(Stored items from a collection)

--------------------

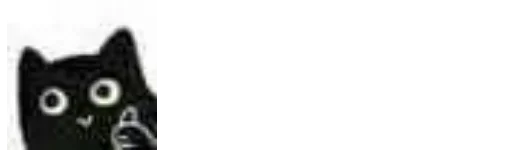 🐱 Стикер «Little Black Cat» для Telegram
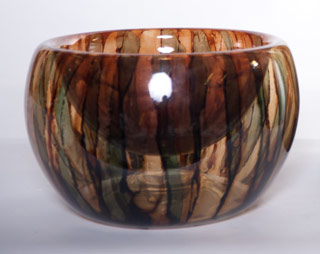 Name:Smokey Topaz Bowl, Item id:6310_M1-A-1023 (Medium Image)
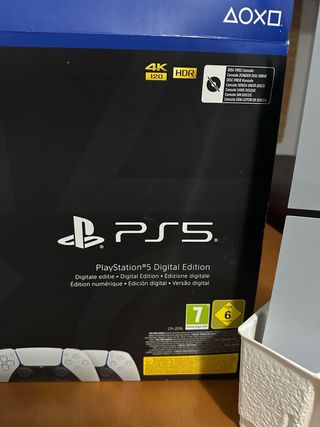 PS5 Edición Digital Sony + 1 Mando Personalizado
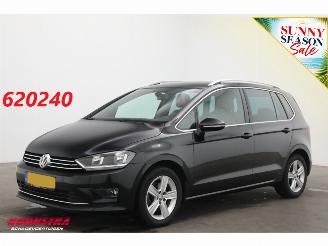 Unfallwagen Volkswagen Golf Sportsvan 1.6 TDI Highline Leder Navi Clima Cruise Camera SHZ PDC AHK 2015/6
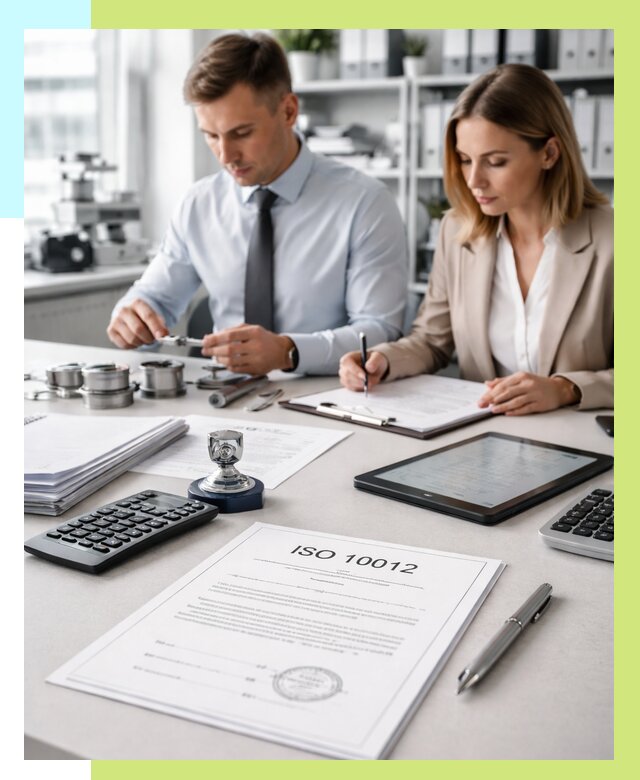 Сертификат ISO 10012 в Мончегорске от 25250 р. — Алешин-Мнч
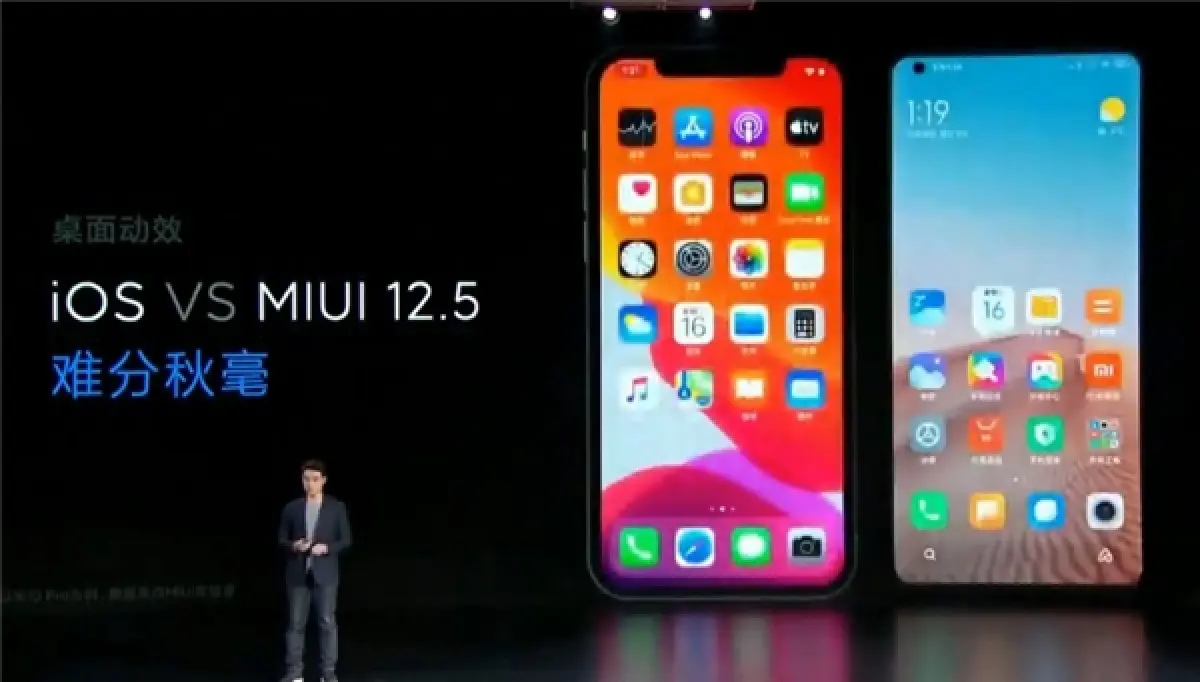 MIUI 12.5 es presentado por Xiaomi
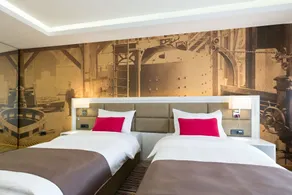 Hotel TESLA - Smart Stay Garni - Chambre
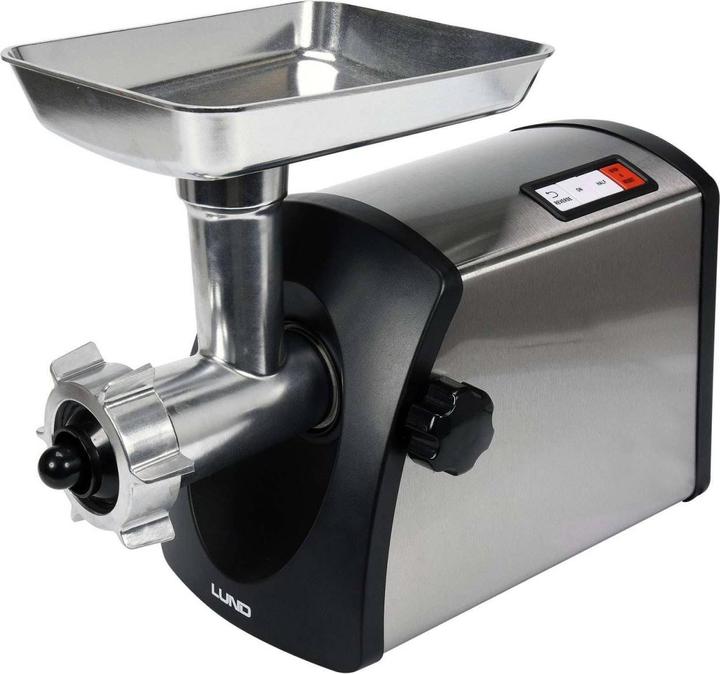 Actual product image Lund London Lund Gastro 4in1 Multifunction Meat Grinder 1200 / 3000 Watt 2 Steps 67901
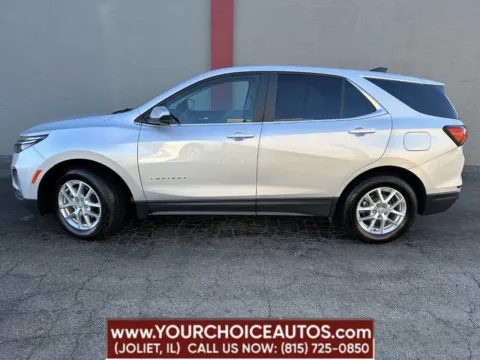 Photos of 2022 Chevrolet Equinox LT for sale in Joliet, IL at Your Choice Autos - Joliet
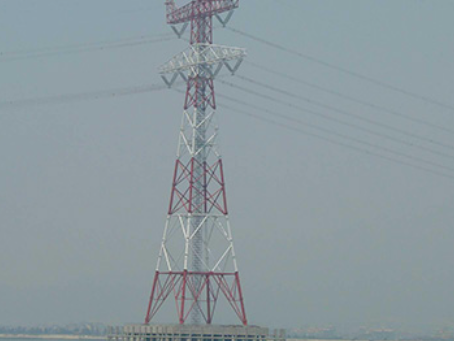 大安镇电力铁塔案例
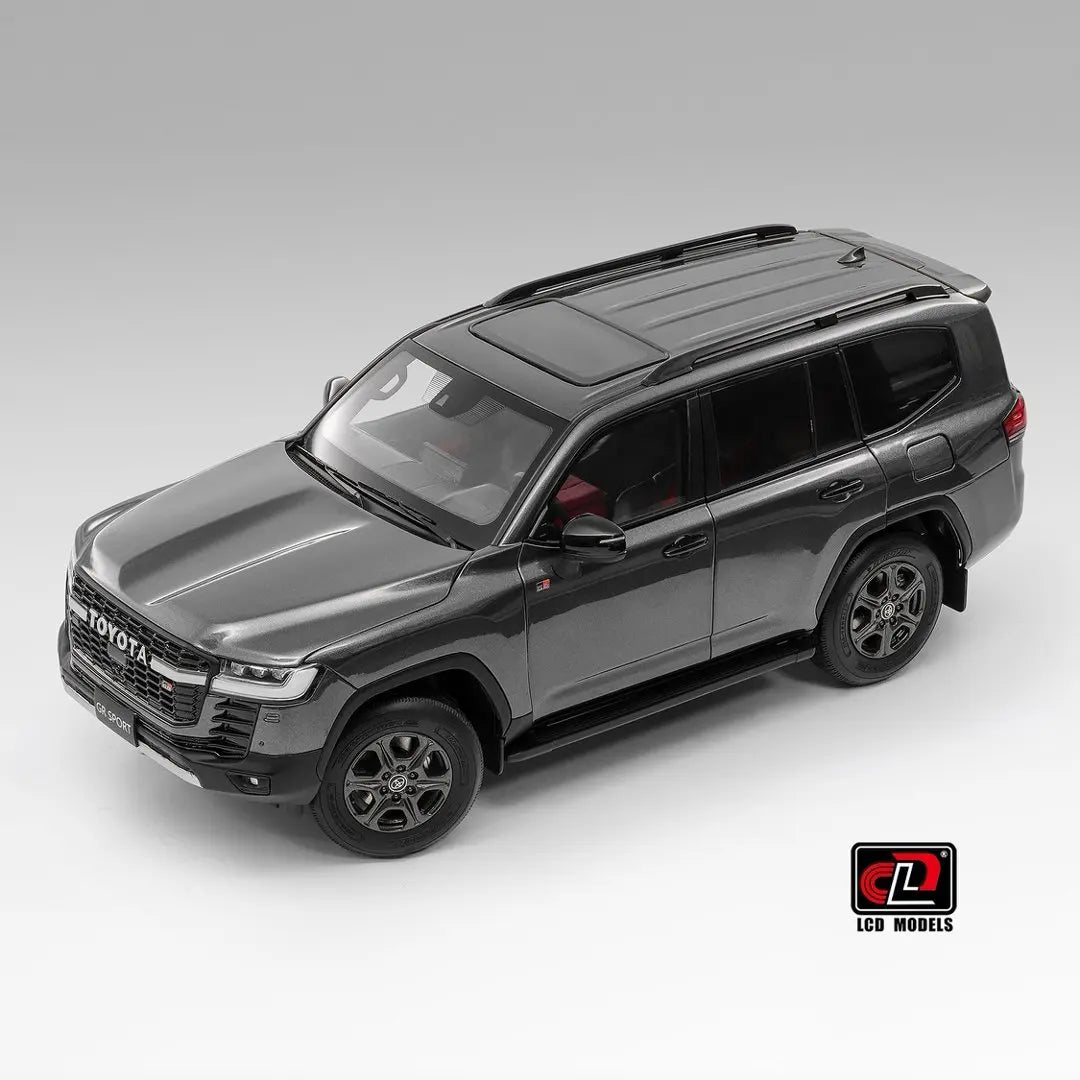 1:18 Toyota Land Cruiser 300-GR Sport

--------------------

* _WHAT NEEDS TO BE DONE_: Reproduce every record above exactly, but leave out the pictures.

* _EXPECTED ANSWER_:
 🐱 Стикер «Little Black Cat» для Telegram
 Name:Smokey Topaz Bowl, Item id:6310_M1-A-1023 (Medium Image)
 PS5 Edición Digital Sony + 1 Mando Personalizado
 Unfallwagen Volkswagen Golf Sportsvan 1.6 TDI Highline Leder Navi Clima Cruise Camera SHZ PDC AHK 2015/6
 Сертификат ISO 10012 в Мончегорске от 25250 р. — Алешин-Мнч
 MIUI 12.5 es presentado por Xiaomi
 Hotel TESLA - Smart Stay Garni - Chambre
 Actual product image Lund London Lund Gastro 4in1 Multifunction Meat Grinder 1200 / 3000 Watt 2 Steps 67901
 Photos of 2022 Chevrolet Equinox LT for sale in Joliet, IL at Your Choice Autos - Joliet
 大安镇电力铁塔案例
 1:18 Toyota Land Cruiser 300-GR Sport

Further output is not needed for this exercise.